■ TASK DESCRIPTION: Write out each record below exactly, but not the pictures.

■ EXTRACTED MATERIAL:
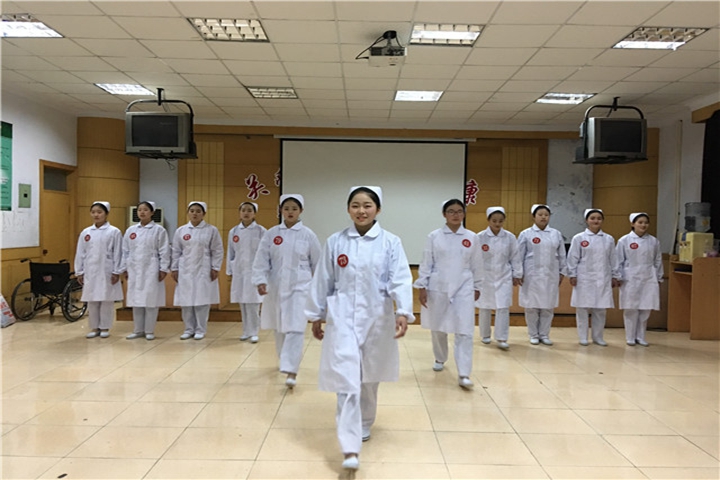 护理助产单招班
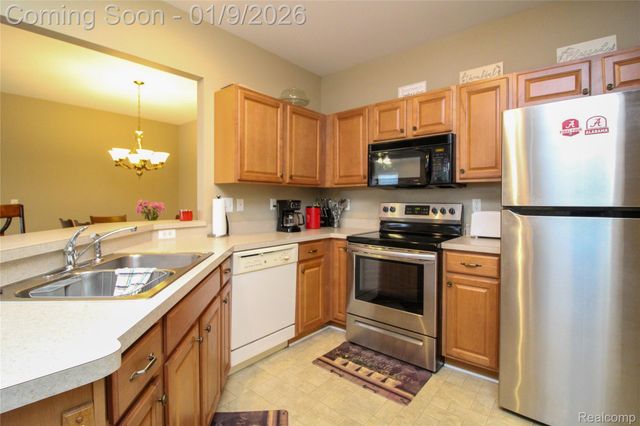 15389 Yale Drive 75, Clinton Charter Township, MI 48038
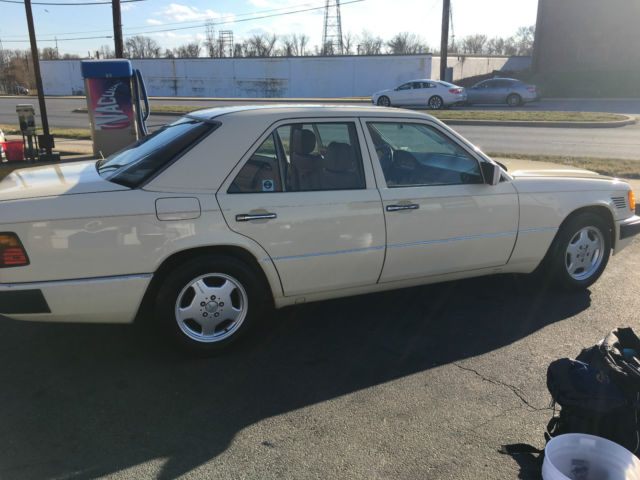1991 Mercedes 300D 2.5 Turbo- Runs but needs engine work. 1991 Mercedes-Benz 300-Series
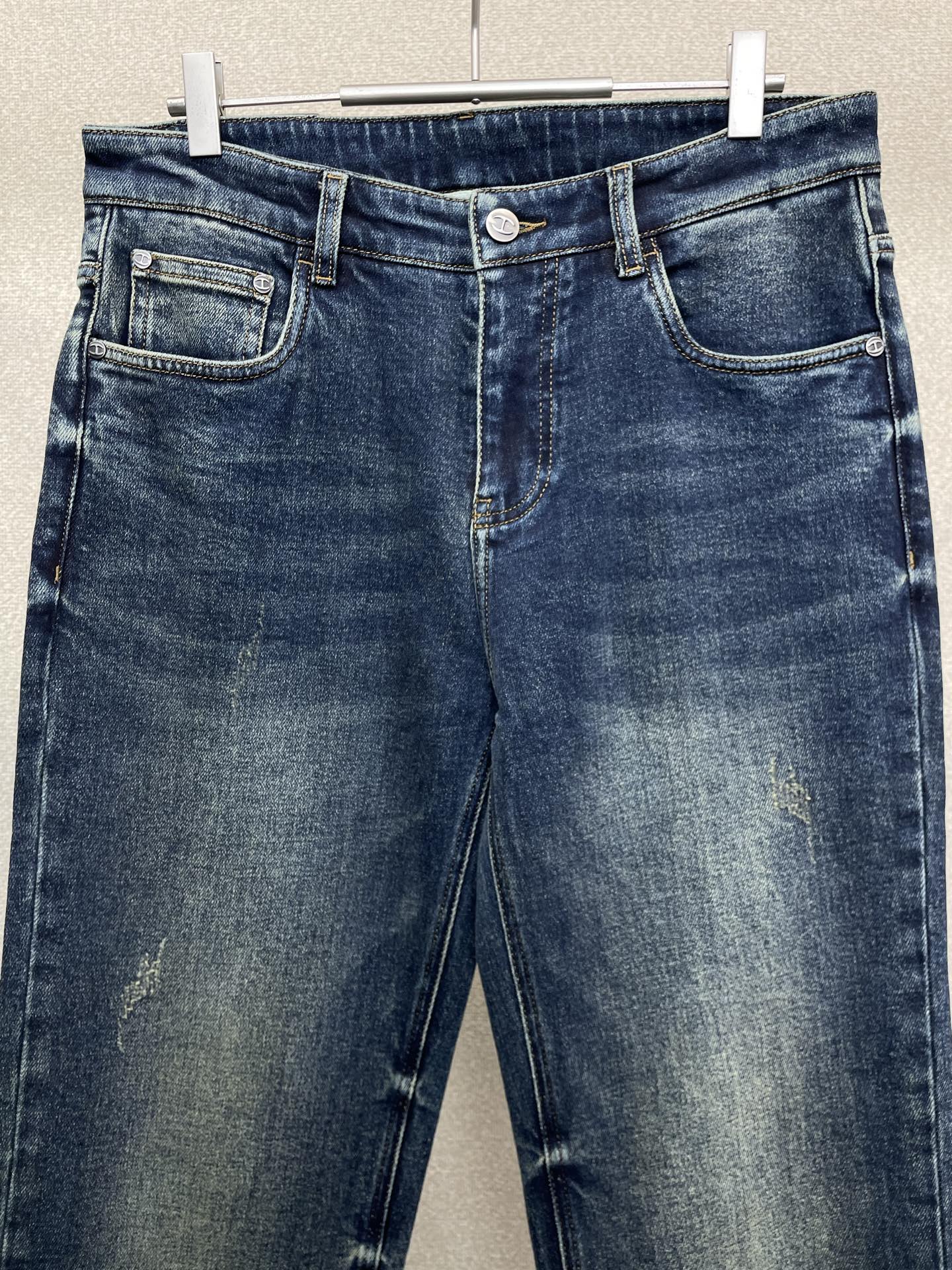 。Cavalli卡沃利💥砸锅卖铁都要上的新款新款休闲牛仔裤👖 高端版本！专柜定制面料 透气舒适度高，细节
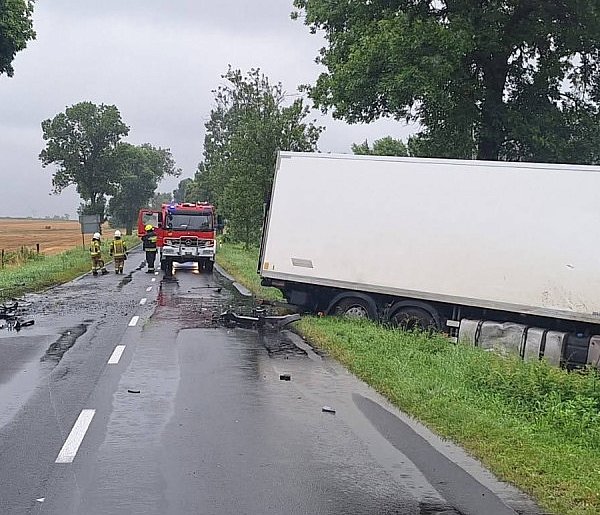 Wypadek z udziałem trzech pojazdów w powiecie poddębickim. Droga zablokowana-16406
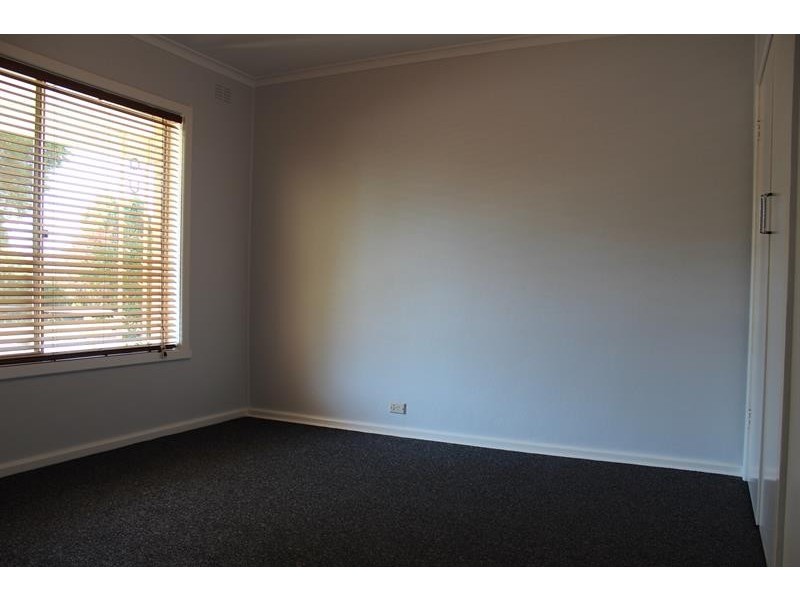 2/539 Hague Street, Lavington NSW 2641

■ ANSWER FOR THIS EXERCISE:
 护理助产单招班
 15389 Yale Drive 75, Clinton Charter Township, MI 48038
1991 Mercedes 300D 2.5 Turbo- Runs but needs engine work. 1991 Mercedes-Benz 300-Series
 。Cavalli卡沃利💥砸锅卖铁都要上的新款新款休闲牛仔裤👖 高端版本！专柜定制面料 透气舒适度高，细节
 Wypadek z udziałem trzech pojazdów w powiecie poddębickim. Droga zablokowana-16406
 2/539 Hague Street, Lavington NSW 2641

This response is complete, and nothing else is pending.